= What is expected =
If a line in the entries contains the word "Size", list it.

▬▬▬▬▬▬▬▬▬▬

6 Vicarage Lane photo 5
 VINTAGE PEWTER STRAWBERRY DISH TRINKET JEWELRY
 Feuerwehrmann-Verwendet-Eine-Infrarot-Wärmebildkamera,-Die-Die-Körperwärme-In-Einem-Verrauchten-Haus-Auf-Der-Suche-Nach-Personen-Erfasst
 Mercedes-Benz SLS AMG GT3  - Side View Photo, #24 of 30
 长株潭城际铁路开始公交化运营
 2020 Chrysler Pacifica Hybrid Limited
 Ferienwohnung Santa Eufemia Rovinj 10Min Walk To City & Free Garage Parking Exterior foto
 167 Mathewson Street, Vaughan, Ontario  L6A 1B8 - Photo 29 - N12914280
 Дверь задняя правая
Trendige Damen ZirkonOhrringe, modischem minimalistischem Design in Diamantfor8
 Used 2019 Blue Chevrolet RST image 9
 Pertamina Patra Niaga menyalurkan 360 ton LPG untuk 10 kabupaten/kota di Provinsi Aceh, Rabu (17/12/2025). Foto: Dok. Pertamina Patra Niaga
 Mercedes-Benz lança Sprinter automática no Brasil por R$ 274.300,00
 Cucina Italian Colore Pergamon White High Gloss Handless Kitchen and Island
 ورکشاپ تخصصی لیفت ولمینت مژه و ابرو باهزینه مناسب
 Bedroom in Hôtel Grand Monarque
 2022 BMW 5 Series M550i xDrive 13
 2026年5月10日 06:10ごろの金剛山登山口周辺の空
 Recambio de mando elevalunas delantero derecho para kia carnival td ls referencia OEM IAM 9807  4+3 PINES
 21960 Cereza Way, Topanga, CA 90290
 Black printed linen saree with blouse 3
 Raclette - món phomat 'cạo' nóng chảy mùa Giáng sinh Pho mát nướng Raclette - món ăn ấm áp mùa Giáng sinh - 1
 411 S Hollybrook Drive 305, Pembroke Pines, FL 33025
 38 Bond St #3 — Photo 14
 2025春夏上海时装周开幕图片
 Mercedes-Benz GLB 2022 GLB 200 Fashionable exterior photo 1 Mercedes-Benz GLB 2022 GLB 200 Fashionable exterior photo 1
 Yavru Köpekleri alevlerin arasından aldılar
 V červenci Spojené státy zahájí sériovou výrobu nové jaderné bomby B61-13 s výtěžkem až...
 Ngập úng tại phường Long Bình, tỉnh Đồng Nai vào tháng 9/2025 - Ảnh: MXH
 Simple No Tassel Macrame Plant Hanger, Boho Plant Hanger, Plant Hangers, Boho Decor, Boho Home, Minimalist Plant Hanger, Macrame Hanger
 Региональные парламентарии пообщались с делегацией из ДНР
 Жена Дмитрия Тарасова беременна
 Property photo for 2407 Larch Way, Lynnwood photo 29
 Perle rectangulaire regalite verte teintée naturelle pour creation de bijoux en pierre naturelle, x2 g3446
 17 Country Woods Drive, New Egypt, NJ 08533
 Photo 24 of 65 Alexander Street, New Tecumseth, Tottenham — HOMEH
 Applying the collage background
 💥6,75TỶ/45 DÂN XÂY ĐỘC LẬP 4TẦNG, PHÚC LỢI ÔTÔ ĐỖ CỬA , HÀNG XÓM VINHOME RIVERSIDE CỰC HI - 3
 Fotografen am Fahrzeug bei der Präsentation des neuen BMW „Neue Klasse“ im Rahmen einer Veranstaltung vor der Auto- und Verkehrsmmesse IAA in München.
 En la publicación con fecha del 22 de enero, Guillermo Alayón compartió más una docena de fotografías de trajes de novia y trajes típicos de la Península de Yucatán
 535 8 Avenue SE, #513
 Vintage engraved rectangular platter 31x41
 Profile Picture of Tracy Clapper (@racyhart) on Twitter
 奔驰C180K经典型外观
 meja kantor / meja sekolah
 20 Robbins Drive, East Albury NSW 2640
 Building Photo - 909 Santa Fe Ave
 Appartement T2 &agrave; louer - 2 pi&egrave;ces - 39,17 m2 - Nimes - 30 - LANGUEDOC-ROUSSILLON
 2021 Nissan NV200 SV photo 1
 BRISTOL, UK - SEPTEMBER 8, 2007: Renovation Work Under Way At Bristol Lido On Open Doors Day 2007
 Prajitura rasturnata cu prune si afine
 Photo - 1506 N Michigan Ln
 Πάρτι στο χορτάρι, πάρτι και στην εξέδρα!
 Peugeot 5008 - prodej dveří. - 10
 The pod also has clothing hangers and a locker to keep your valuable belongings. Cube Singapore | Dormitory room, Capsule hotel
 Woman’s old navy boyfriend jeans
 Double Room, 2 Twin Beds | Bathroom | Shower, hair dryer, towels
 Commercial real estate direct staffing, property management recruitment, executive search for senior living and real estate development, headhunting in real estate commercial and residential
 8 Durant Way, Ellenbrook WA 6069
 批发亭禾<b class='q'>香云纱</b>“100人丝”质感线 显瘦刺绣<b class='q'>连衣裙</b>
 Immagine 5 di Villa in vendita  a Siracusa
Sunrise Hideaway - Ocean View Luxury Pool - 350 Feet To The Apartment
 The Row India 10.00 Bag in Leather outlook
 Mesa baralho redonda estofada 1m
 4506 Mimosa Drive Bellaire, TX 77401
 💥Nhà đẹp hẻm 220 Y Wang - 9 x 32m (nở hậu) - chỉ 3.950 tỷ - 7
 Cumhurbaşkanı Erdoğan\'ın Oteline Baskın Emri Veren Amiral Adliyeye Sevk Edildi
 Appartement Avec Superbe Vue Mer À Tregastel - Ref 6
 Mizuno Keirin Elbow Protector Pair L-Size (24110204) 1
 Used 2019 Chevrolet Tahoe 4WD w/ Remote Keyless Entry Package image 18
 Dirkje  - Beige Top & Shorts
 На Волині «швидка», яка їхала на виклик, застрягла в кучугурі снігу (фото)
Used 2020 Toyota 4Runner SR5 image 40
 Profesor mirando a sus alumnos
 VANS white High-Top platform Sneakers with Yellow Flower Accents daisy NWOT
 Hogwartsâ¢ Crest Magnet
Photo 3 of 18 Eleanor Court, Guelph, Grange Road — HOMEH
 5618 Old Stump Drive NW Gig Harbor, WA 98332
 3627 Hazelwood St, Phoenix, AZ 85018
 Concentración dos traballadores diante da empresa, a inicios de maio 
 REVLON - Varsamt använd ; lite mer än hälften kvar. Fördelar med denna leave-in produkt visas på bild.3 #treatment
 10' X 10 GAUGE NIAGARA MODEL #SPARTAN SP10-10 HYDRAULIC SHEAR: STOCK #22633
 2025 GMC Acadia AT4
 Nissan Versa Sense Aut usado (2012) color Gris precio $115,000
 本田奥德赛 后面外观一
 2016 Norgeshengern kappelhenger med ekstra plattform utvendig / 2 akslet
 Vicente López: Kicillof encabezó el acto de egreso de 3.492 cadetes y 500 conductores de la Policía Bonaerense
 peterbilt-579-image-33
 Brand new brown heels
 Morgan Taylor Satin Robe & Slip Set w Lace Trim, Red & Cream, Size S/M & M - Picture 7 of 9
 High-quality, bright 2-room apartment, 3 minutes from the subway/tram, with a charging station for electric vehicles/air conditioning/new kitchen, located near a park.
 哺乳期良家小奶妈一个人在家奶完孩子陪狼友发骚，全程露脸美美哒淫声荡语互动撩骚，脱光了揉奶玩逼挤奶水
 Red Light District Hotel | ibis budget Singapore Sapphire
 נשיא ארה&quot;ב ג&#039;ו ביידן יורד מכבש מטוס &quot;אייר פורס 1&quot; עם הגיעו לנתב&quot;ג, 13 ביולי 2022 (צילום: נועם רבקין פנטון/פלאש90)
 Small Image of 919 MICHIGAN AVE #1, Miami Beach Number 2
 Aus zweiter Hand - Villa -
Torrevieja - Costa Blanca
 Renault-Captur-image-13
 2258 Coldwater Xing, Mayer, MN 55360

▬▬▬▬▬▬▬▬▬▬

= Response to the exercise =
 Mizuno Keirin Elbow Protector Pair L-Size (24110204) 1
 Morgan Taylor Satin Robe & Slip Set w Lace Trim, Red & Cream, Size S/M & M - Picture 7 of 9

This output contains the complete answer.